Romania's prime minister-designate Dacian Ciolos named a technocrat government on Sunday, tapping European Union experts as well as private sector leaders to steer the country until elections next year. Ciolos, 46, was tasked on Tuesday by President Klaus Iohannis with forming a new government after ex-premier Victor Ponta stepped down following mass anti-government protests sparked by a night-club fire that killed 55 people in Bucharest.
"My goal was to name competent and experienced people, Romanians who work in European Union administration or in civil society," said Ciolos, a former EU agriculture commissioner.
Ex-International Monetary Fund expert and European Commission analyst Anca Paliu-Dragu has been named to head the finance ministry, a key post with the government's first order of business being to prepare a 2016 budget. Incoming justice minister Cristina Guseth worked for the European Commission in Bucharest and since 1998 has headed the Romanian branch of pro-democracy group Freedom House.

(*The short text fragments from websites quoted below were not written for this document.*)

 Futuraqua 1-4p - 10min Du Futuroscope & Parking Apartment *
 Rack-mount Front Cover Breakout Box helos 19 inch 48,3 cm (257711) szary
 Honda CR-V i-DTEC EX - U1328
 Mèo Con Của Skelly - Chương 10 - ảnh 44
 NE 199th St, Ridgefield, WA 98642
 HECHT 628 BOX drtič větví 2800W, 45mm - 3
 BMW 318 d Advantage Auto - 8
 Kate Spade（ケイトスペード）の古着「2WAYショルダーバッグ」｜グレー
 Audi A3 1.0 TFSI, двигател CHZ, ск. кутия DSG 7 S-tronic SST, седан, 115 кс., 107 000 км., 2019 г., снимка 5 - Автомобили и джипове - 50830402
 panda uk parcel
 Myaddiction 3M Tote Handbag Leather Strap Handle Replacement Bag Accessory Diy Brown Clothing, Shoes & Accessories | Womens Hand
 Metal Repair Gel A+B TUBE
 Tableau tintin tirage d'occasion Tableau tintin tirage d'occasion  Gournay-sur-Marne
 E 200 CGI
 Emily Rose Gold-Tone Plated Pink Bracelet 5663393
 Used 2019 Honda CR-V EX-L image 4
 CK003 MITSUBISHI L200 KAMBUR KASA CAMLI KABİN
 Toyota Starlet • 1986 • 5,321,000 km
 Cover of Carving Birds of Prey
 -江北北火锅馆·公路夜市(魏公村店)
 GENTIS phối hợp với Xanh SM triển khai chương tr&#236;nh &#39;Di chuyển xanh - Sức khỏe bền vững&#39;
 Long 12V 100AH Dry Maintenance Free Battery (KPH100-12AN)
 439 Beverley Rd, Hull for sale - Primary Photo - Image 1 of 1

Romania's former ambassador the EU, Mihnea Motoc, was named minister of defence, while an advisor to the Romanian delegation to Brussels, Achim Irimescu, was given the post of agriculture minister. The Ministry of European Funds will be headed by an official from the European Bank of Reconstruction and Development, Aura Raducu, while career diplomat Lazar Comanescu, a former foreign minister, has been tapped to for foreign affairs. Several members of the incoming government, including heads of economy and communications, are from the private and non-profit sectors.